El concejal de Festejos del Ayuntamiento de Castro Urdiales, Javier Muñoz, anunció ayer que el equipo de gobierno (PP, PRC y Anexión a Vizcaya) está estudiando «seriamente» la posibilidad de suprimir algunos de los eventos que se vienen celebrando tanto en el Parque de Amestoy como en la Plaza de La Barrera ante las continuas quejas de los hosteleros del lugar, que aseguran que este tipo de celebraciones están «arruinando» sus negocios.
Desde la celebración en junio de la Semana Grande y el Coso Blanco, han sido continuas las quejas que el Ayuntamiento ha recibido por parte de un grupo de hosteleros que se siente perjudicado por la instalación de la feria de día (las casetas) y mercadillos que, según dicen, les han restado clientela.
Hasta tal punto han llegado las quejas que el concejal de Festejos ha confesado que le han acusado de «estar arruinando a la hostelería de Castro». Ante tales acusaciones, Muñoz se ha visto obligado a aclarar que el mercadillo hippie que se celebró el pasado fin de semana «no lo organicé yo, sino la concejala de Cultura, Ana Urrestarazu», y que la feria gastronómica instalada también el pasado fin de semana «fue cosa del concejal de Turismo, José Ucelay».
Harto de las críticas, el edil subrayó que él no está «detrás de cada mercadillo o feria que se organiza», de ahí que diera los nombres de los concejales al cargo de la organización de los últimos eventos que tantas ampollas han levantado entre la hostelería castreña.
Gran afluencia
Lo curioso es que el equipo de gobierno reconoce que los eventos del pasado fin de semana han congregado a cientos de ciudadanos, tanto en la zona de ubicación de los mercados como en las principales calles del casco viejo.
No obstante, el gobierno local está valorando que esos eventos estén formados mayoritariamente por comerciantes y hosteleros de Castro Urdiales.
Al menos así lo señaló ayer el concejal de Mercado y Comercio, José Ucelay, que suscribió lo dicho por su compañero, Javier Muñoz. «Tenemos que valorar y hacer un balance de todos los eventos que se han celebrado tanto en Amestoy como en La Barrera y ver qué hay que mejorar.
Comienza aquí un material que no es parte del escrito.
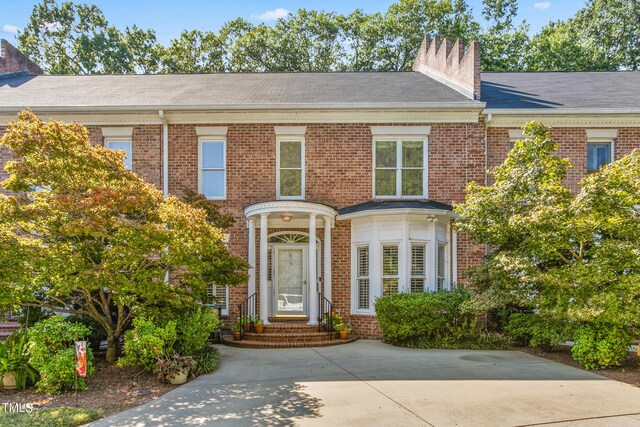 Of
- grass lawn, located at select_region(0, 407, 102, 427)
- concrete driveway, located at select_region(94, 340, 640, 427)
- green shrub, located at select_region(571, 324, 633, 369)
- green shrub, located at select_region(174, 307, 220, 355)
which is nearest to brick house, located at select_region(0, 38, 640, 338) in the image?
green shrub, located at select_region(174, 307, 220, 355)

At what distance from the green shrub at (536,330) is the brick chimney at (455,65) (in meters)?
6.03

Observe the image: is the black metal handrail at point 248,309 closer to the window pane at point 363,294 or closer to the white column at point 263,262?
the white column at point 263,262

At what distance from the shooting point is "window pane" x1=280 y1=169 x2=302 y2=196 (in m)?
13.2

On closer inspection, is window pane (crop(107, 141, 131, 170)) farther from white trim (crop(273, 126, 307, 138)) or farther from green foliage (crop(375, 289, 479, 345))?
green foliage (crop(375, 289, 479, 345))

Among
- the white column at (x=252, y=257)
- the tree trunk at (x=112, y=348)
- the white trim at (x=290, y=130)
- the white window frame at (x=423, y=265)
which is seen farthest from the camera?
the white trim at (x=290, y=130)

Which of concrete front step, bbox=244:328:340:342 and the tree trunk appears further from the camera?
concrete front step, bbox=244:328:340:342

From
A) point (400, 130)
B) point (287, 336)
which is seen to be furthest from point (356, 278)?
point (400, 130)

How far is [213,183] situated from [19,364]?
6.86m

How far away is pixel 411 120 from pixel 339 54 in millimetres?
20727

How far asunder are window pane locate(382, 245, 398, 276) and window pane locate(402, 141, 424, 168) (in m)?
2.39

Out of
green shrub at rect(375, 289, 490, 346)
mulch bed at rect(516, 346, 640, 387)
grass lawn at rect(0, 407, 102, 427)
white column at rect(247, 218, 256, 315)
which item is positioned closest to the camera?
grass lawn at rect(0, 407, 102, 427)

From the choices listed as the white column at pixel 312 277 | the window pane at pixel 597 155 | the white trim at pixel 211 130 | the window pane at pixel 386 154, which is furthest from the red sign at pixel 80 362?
the window pane at pixel 597 155

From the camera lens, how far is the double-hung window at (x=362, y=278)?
12.7m

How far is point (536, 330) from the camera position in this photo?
373 inches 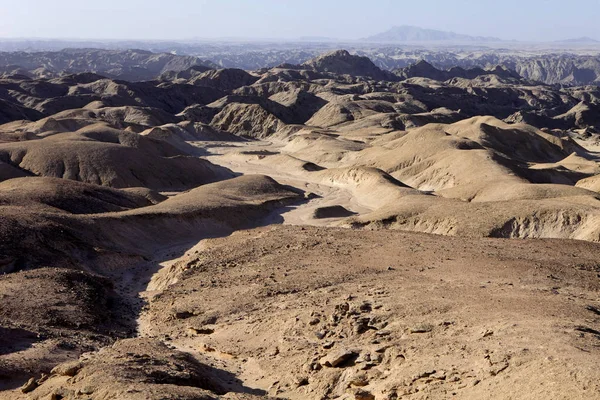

Aun así, lo que tenemos claro es que vamos a intentar que los participantes en estos festejos no sean en su mayoría comerciantes de fuera».
Ucelay apuesta por mantener las ferias del stock o gastronómicas y por evitar la celebración de mercados de puestos ambulantes. «Al final tenemos que intentar que todo cuanto se organice en el municipio repercuta en el beneficio de nuestros vecinos».